Marigolds work as a general pest deterrent along garden borders. They repel aphids and whiteflies while attracting hoverflies and other predatory insects that eat hornworm eggs. Dill, borage, parsley, and thyme also deter hornworms according to experienced gardeners and some extension service recommendations.
If you do companion planting, plan it before the season starts. You need the companion plants established and growing alongside your tomatoes from transplant time, not planted in July after you’ve already found hornworms. It’s a long-game strategy that works on cumulative exposure, not instant results.
One underrated companion: dill. Dill attracts braconid wasps, the parasitoid wasps that kill hornworms by laying eggs on them. Plant dill nearby and you’re creating habitat for your best natural ally.

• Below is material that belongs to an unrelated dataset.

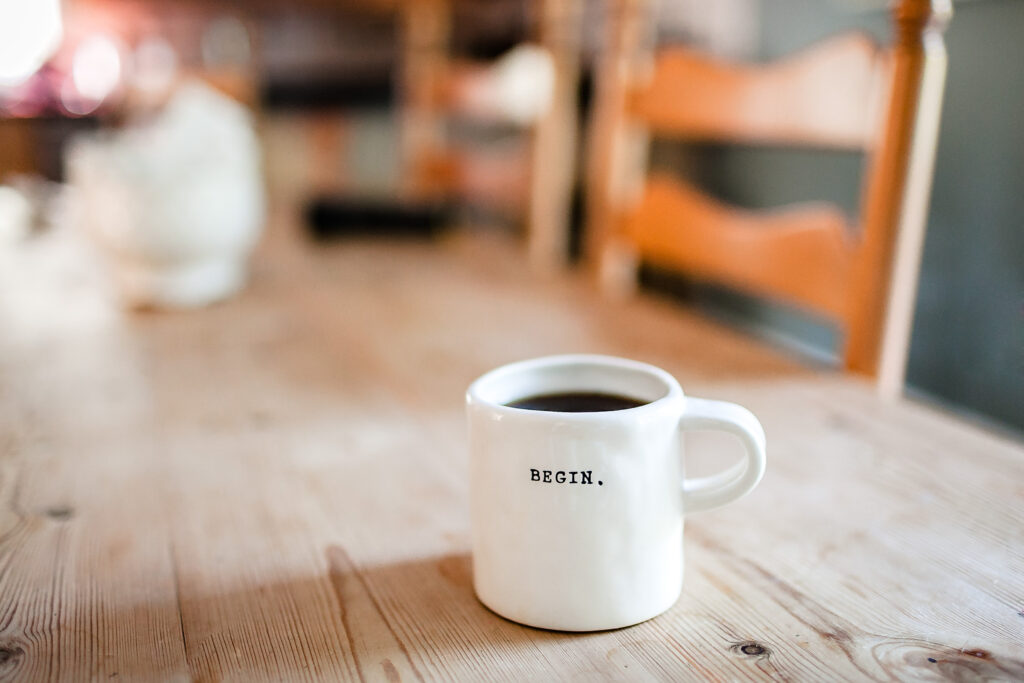 Motivational Wallpaper: White Cup with Dark Beverage on Wooden Table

Just don’t plant it too close to your tomatoes – dill and tomatoes are reportedly allelopathic at close range and can inhibit each other’s growth.
Prevention
The hornworm life cycle gives you a seasonal advantage. Adult sphinx moths lay eggs on tomato plants in late spring and early summer. The eggs are pale green and tiny – almost impossible to spot without deliberate inspection. The caterpillars hatch and begin feeding, growing rapidly, and showing up as a visible problem in late July and August when they’ve grown large enough to do obvious damage. By that point they’ve been eating for a while.
Till your soil in fall and again in early spring to disrupt overwintering pupae and expose them to birds and cold. Hornworm pupae are dark brown and shaped like a small football with a curved handle – the "handle" is the developing moth’s proboscis case. Birds and rodents will eat exposed pupae readily, so tilling doesn’t need to be deep. Four to six inches is sufficient.
Row covers on young tomato plants in early summer prevent moths from landing to lay eggs in the first place. Remove them once flowers appear so pollinators can reach the blossoms.
The most practical prevention, though, is checking your plants regularly. A five-minute scan every few days during growing season catches hornworms early, when they’re small and easy to deal with. Black frass on the lower leaves of a plant is usually the first visible sign. Look up from the frass along the stem above it – that’s where the hornworm will be. Early-caught means small caterpillar, which means hand-picking handles it without any spray at all.
Frequently Asked Questions
How do you spot tomato hornworms before the damage gets bad?
Look for black frass (droppings) on foliage – it drops down from wherever the hornworm is feeding. Once you see frass, look up along the stem directly above. After dark, a UV flashlight makes them glow fluorescent green and removes all the guesswork.
Should I kill a hornworm covered in white cocoons?
No. Those white rice-shaped cocoons are braconid wasp eggs. The larvae are parasitizing the hornworm – it will die on its own, and the adult wasps that emerge will go on to control other caterpillars in your garden. Leave it where it is.
Is it safe to touch a tomato hornworm?
Completely safe. The horn at the rear end looks threatening but is decorative. Hornworms can’t bite, sting, or cause skin irritation. Pick them up barehanded if you want.
Do tomato hornworms attack other plants?
Yes. Tomato hornworms feed on all plants in the nightshade family – tomatoes, peppers, eggplant, and potatoes. If your tomatoes are clean but a neighboring pepper plant has chewed leaves and frass, same culprit.
What do tomato hornworms turn into?
Five-spotted hawk moths (also called sphinx moths or hummingbird moths). They’re large, brown-and-grey moths with a four-to-six-inch wingspan that fly at dusk and pollinate flowers. Whether that makes you feel better about killing the caterpillars is up to you. Practically speaking, the moth population in your area isn’t going anywhere, and letting hornworms feed freely to "save the moths" just means more moth eggs on your tomatoes next season.